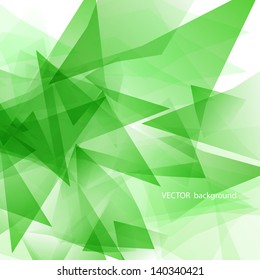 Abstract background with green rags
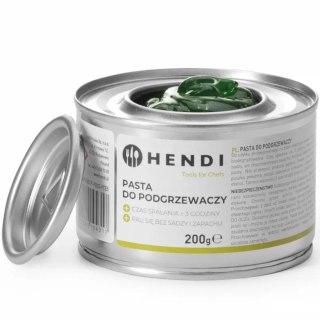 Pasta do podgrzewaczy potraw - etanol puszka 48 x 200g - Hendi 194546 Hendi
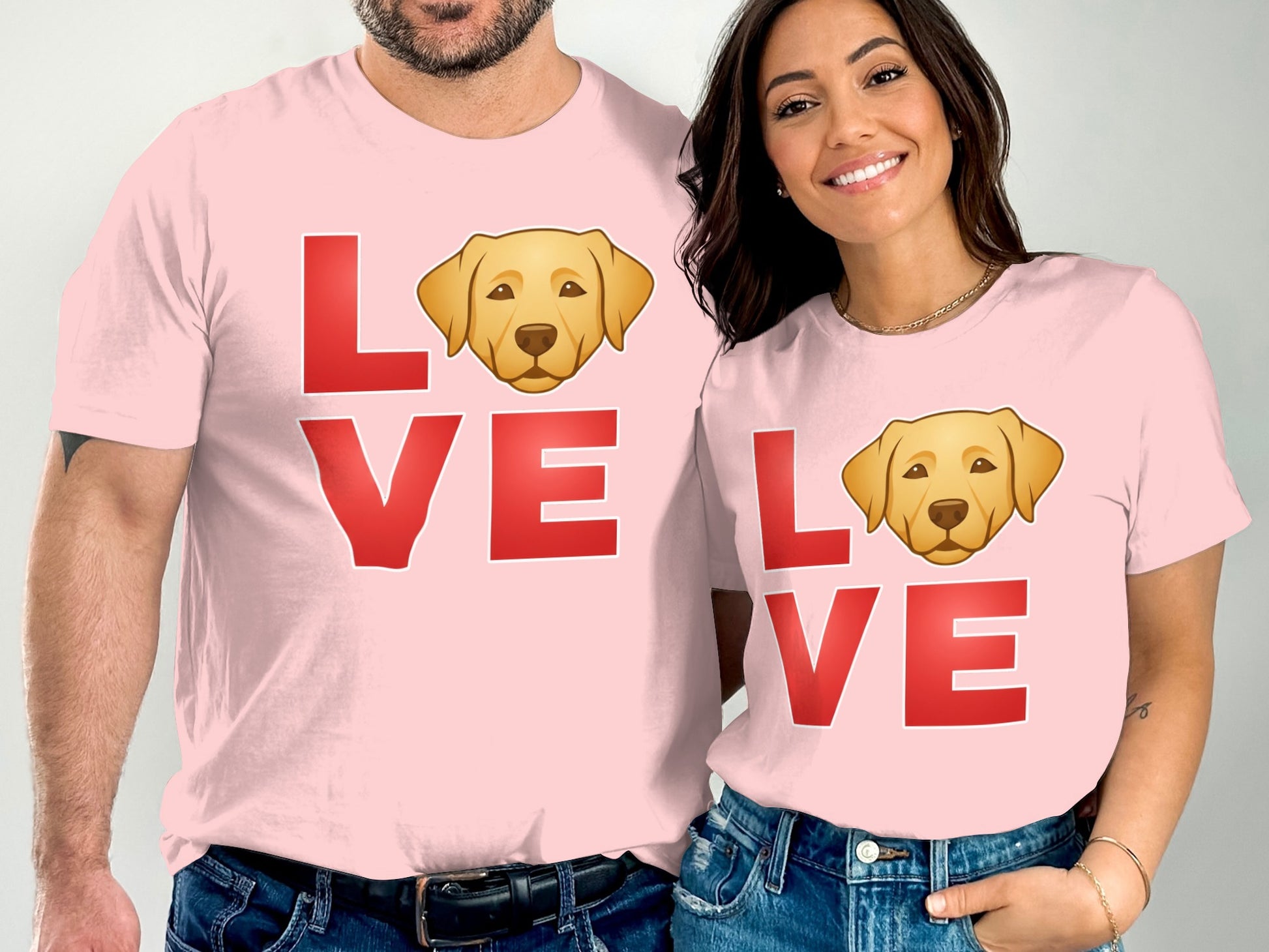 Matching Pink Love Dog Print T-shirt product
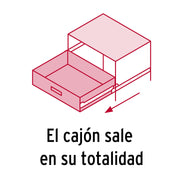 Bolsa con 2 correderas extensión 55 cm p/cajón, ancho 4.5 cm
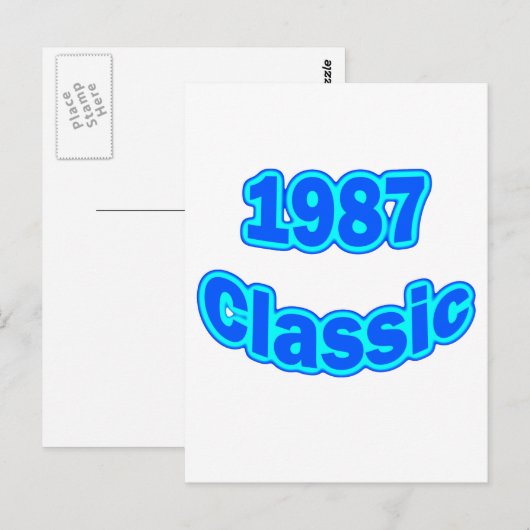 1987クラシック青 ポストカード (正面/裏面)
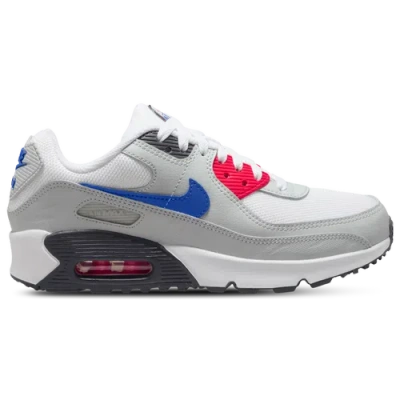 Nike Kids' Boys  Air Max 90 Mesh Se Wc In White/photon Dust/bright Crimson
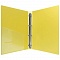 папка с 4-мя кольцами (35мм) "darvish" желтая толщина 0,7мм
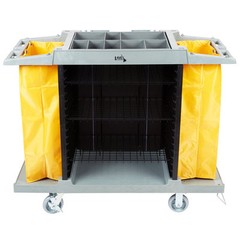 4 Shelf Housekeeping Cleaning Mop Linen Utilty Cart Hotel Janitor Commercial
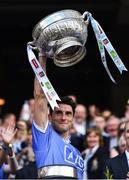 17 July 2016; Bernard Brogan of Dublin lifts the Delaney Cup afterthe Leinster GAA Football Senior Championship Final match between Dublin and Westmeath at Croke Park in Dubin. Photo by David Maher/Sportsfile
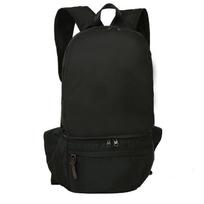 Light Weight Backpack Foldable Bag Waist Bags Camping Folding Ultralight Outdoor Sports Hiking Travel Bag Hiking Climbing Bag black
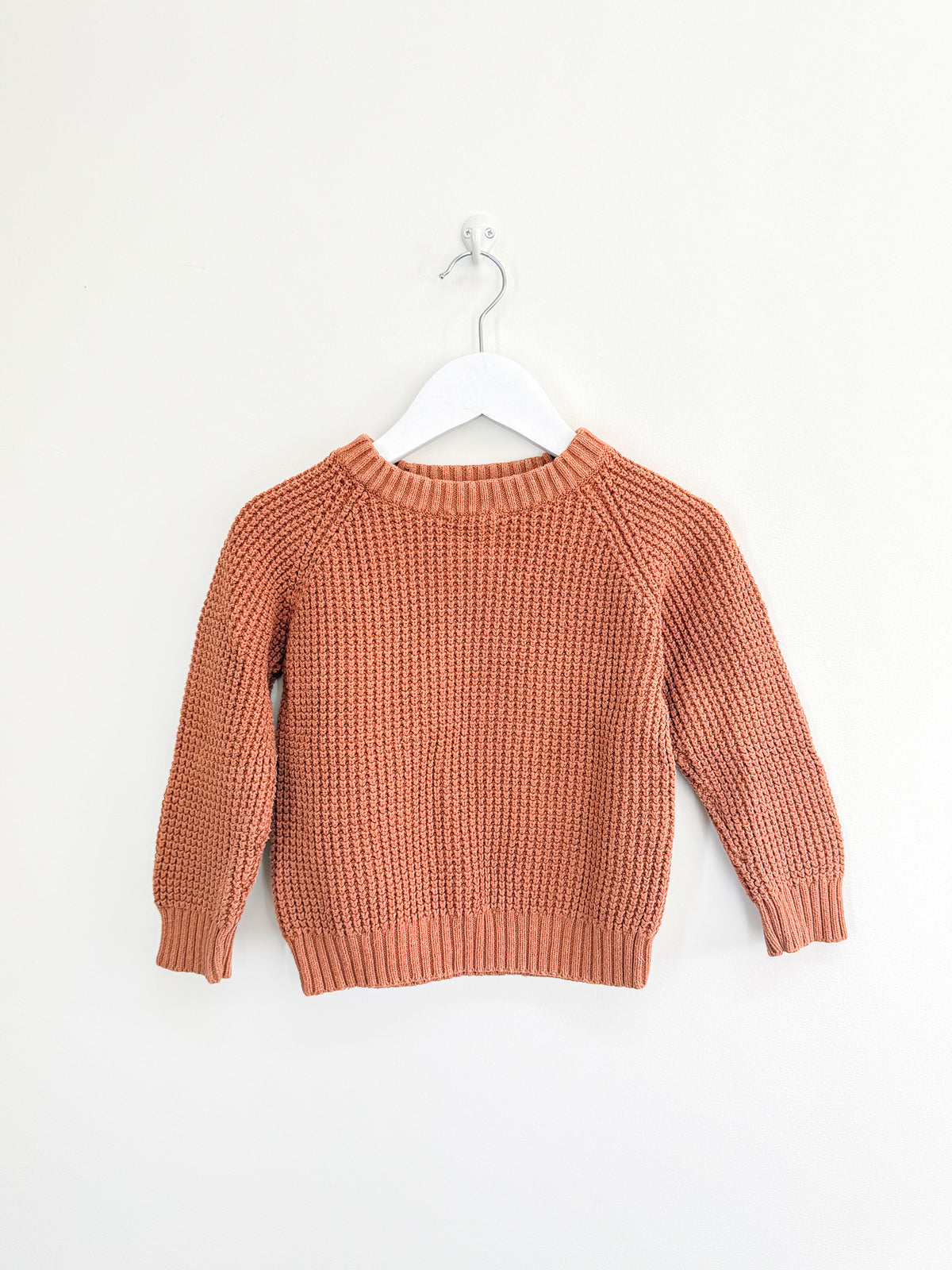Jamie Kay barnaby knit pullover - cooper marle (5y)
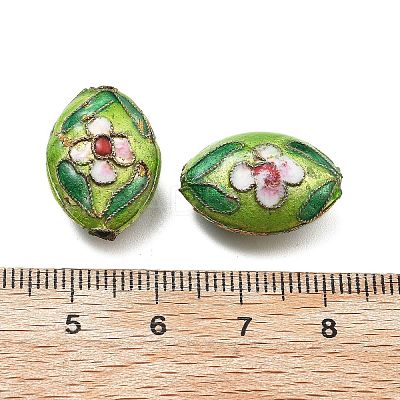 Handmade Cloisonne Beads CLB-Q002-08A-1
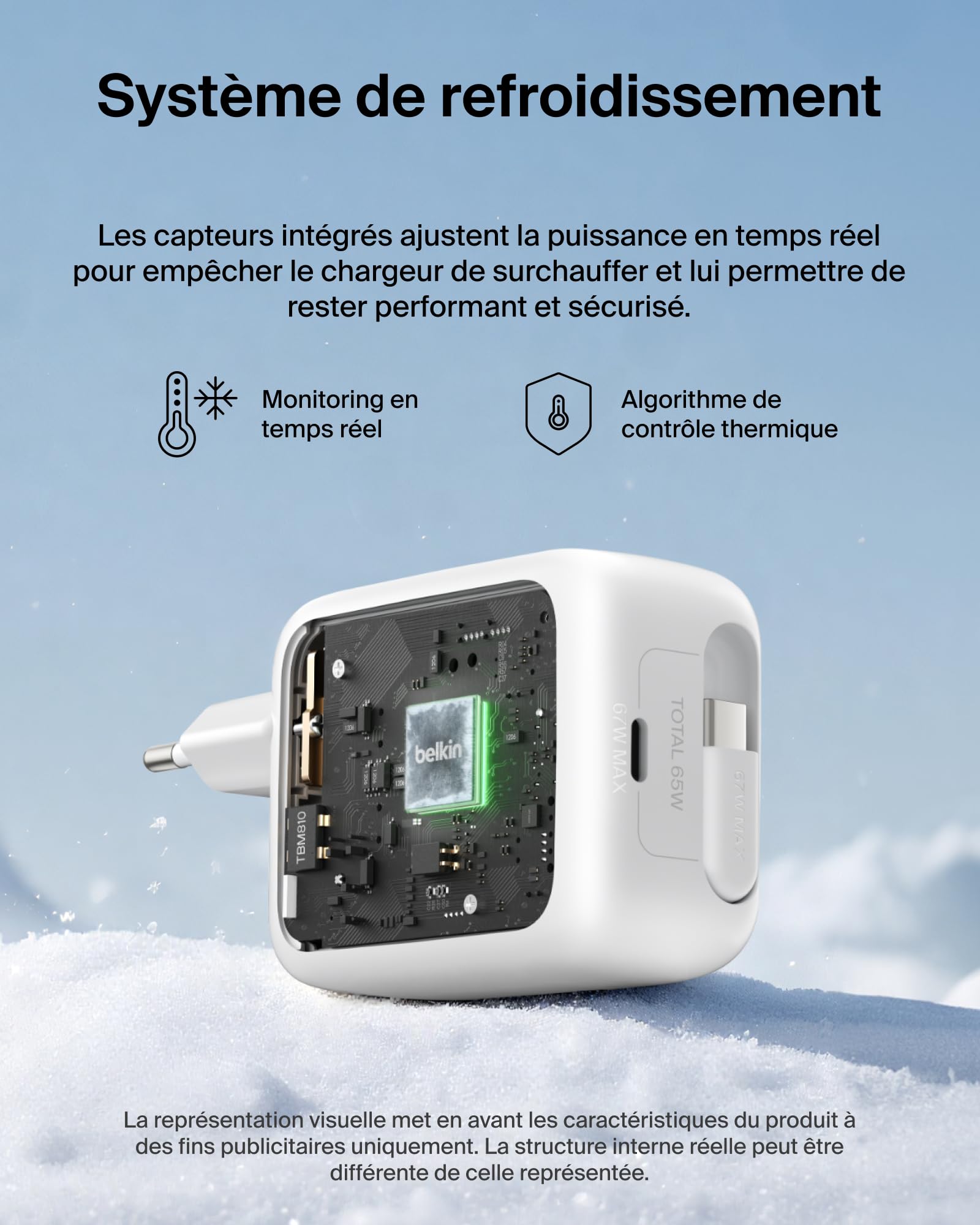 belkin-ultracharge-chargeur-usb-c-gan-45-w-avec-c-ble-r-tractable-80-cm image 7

━━━━━━━━━━━━━━━━━━━━

GOAL OF THE EXERCISE: Exactly the lines from the top of the listing through the line holding "1987クラシック青 ポストカード (正面/裏面)" should be repeated, with pictures left out.

EXERCISE RESULT:
 Abstract background with green rags
 Pasta do podgrzewaczy potraw - etanol puszka 48 x 200g - Hendi 194546 Hendi
 Matching Pink Love Dog Print T-shirt product
 Bolsa con 2 correderas extensión 55 cm p/cajón, ancho 4.5 cm
 1987クラシック青 ポストカード (正面/裏面)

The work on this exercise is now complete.